====== RECORDS SHOWN
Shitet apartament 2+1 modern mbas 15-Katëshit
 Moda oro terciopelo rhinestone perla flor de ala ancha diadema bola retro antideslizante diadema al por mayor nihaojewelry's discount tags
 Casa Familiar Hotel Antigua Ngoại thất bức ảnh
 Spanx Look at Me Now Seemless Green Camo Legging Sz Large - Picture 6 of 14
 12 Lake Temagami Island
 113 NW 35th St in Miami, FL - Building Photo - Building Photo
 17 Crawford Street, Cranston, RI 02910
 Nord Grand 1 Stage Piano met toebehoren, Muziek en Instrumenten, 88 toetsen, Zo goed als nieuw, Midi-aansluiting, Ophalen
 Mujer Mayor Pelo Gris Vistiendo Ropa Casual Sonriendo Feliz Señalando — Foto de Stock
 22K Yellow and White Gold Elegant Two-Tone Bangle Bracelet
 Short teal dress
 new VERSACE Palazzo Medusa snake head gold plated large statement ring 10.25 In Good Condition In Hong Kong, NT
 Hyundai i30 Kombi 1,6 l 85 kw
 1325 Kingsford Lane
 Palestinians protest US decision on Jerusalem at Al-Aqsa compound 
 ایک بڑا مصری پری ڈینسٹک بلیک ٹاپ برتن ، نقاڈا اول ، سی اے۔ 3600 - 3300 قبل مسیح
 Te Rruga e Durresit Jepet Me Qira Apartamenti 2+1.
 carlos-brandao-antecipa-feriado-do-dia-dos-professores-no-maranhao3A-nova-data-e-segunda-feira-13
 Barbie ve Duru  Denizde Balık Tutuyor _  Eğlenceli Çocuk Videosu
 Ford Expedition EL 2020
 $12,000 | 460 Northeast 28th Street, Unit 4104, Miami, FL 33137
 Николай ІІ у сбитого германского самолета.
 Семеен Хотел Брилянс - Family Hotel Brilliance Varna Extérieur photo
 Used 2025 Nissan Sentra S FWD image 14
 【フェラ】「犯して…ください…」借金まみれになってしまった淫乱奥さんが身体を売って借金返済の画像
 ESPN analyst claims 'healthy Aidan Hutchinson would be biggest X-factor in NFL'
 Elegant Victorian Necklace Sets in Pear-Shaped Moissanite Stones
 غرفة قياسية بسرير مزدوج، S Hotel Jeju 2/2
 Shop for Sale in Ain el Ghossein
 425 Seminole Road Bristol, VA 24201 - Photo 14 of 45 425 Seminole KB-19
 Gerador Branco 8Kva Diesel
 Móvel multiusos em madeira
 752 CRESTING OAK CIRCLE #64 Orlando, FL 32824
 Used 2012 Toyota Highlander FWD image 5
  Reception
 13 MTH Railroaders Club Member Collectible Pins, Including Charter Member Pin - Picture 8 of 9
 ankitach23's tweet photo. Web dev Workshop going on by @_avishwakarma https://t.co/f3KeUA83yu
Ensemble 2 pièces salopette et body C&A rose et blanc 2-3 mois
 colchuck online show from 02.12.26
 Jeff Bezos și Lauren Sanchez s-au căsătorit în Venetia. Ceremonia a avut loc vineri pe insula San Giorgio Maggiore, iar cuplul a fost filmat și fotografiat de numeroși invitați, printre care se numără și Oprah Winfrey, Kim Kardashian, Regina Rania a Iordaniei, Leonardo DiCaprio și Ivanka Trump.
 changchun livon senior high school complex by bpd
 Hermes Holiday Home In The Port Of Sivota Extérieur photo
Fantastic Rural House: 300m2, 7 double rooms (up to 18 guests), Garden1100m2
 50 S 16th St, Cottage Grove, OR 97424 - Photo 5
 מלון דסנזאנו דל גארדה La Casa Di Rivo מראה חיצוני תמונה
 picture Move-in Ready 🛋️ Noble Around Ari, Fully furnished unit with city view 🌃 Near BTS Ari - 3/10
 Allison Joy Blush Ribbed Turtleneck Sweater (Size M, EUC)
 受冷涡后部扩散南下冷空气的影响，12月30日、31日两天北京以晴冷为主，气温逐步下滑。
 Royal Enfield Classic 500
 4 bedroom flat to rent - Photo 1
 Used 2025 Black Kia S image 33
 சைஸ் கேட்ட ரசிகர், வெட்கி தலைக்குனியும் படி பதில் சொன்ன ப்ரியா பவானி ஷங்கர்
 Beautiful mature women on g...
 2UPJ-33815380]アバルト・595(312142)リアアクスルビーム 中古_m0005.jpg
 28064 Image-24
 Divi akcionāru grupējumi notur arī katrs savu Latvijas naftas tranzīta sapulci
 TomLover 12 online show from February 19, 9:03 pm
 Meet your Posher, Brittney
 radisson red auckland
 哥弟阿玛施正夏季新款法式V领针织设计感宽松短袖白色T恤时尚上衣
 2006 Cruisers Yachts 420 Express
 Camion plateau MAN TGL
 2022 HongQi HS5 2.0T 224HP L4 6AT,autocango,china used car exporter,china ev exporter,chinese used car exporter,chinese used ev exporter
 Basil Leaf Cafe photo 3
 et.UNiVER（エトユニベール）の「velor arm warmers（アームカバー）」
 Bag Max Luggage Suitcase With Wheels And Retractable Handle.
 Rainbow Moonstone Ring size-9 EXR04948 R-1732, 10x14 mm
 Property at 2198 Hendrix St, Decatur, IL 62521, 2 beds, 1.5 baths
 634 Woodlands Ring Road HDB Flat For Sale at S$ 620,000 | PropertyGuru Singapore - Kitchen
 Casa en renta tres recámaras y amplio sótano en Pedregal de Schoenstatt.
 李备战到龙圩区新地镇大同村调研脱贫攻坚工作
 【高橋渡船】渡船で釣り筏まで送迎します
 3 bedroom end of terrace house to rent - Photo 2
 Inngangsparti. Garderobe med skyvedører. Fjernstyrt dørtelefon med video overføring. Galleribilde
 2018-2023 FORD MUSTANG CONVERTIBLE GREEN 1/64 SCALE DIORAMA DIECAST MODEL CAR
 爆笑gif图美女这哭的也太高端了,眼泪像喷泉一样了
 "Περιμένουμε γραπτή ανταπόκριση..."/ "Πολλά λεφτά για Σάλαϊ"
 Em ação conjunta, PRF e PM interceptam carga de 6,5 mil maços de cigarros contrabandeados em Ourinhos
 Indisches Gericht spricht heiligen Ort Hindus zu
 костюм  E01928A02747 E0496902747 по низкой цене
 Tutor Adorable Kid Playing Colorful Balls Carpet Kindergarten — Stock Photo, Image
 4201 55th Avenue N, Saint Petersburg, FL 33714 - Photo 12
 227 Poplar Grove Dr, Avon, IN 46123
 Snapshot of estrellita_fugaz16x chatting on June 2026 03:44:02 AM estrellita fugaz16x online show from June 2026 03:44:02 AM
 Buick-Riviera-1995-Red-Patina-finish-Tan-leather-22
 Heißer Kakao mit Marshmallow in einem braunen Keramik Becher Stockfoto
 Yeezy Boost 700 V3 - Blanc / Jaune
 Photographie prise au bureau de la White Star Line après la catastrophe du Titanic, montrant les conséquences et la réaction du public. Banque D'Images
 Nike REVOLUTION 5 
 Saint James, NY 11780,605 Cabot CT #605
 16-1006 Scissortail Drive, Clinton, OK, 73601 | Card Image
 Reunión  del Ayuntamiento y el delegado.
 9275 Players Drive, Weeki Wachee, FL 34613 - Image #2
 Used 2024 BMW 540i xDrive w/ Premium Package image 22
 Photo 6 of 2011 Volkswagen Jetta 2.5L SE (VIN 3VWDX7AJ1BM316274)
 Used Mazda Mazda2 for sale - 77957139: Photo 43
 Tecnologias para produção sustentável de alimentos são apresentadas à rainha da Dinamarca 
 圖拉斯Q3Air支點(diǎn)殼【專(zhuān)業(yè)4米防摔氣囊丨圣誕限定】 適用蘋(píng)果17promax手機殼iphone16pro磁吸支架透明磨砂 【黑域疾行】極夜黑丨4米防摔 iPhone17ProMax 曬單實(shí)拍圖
============
--- ABOUT THIS EXERCISE ---
Copy the lines above exactly. Start with the line containing "634 Woodlands Ring", end with the line containing "Inngangsparti. Garderobe med", and include both.

--- YOUR SOLUTION ---
 634 Woodlands Ring Road HDB Flat For Sale at S$ 620,000 | PropertyGuru Singapore - Kitchen
 Casa en renta tres recámaras y amplio sótano en Pedregal de Schoenstatt.
 李备战到龙圩区新地镇大同村调研脱贫攻坚工作
 【高橋渡船】渡船で釣り筏まで送迎します
 3 bedroom end of terrace house to rent - Photo 2
 Inngangsparti. Garderobe med skyvedører. Fjernstyrt dørtelefon med video overføring. Galleribilde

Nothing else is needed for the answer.